*TASK PROMPT:* After locating "Anggini Setiawan, Head", return its line and all lines that follow through the end of the listing below, exactly; leave out pictures.

============

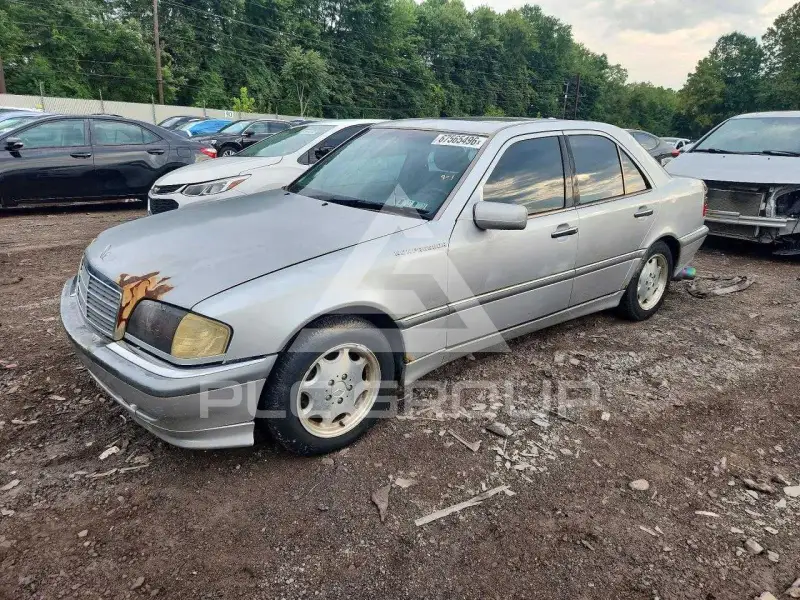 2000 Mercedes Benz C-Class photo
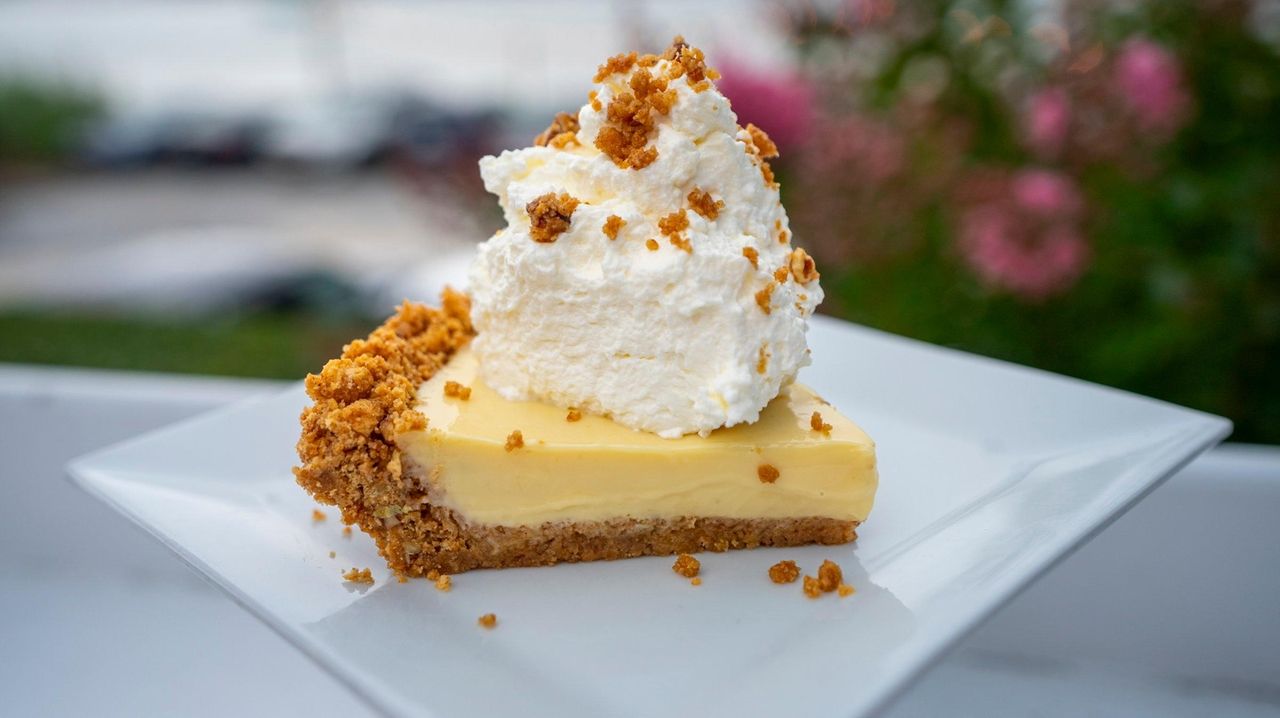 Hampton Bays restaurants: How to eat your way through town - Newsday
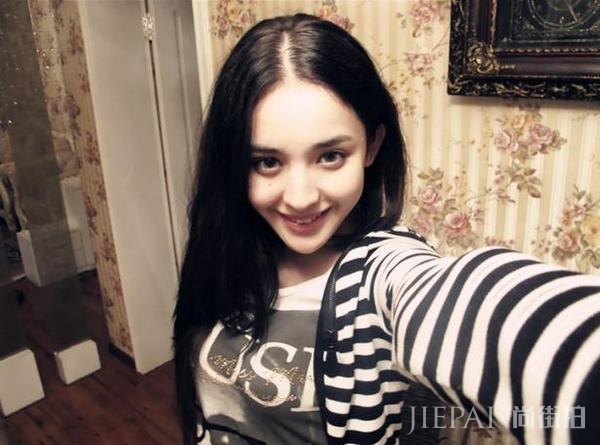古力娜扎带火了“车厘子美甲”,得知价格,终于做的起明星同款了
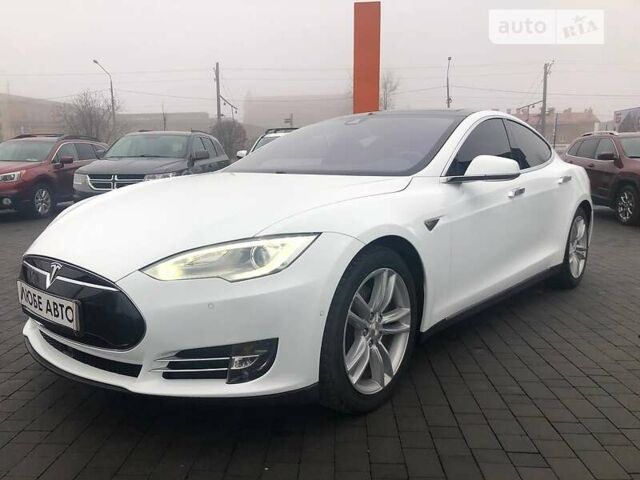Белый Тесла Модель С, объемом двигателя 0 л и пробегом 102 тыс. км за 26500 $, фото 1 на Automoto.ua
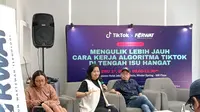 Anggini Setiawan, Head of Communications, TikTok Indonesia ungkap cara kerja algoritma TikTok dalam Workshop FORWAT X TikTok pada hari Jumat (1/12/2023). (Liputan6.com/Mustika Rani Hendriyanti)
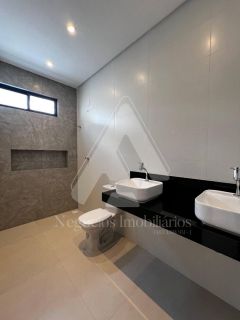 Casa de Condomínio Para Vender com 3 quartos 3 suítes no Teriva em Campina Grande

============

*TASK SOLUTION:*
 Anggini Setiawan, Head of Communications, TikTok Indonesia ungkap cara kerja algoritma TikTok dalam Workshop FORWAT X TikTok pada hari Jumat (1/12/2023). (Liputan6.com/Mustika Rani Hendriyanti)
 Casa de Condomínio Para Vender com 3 quartos 3 suítes no Teriva em Campina Grande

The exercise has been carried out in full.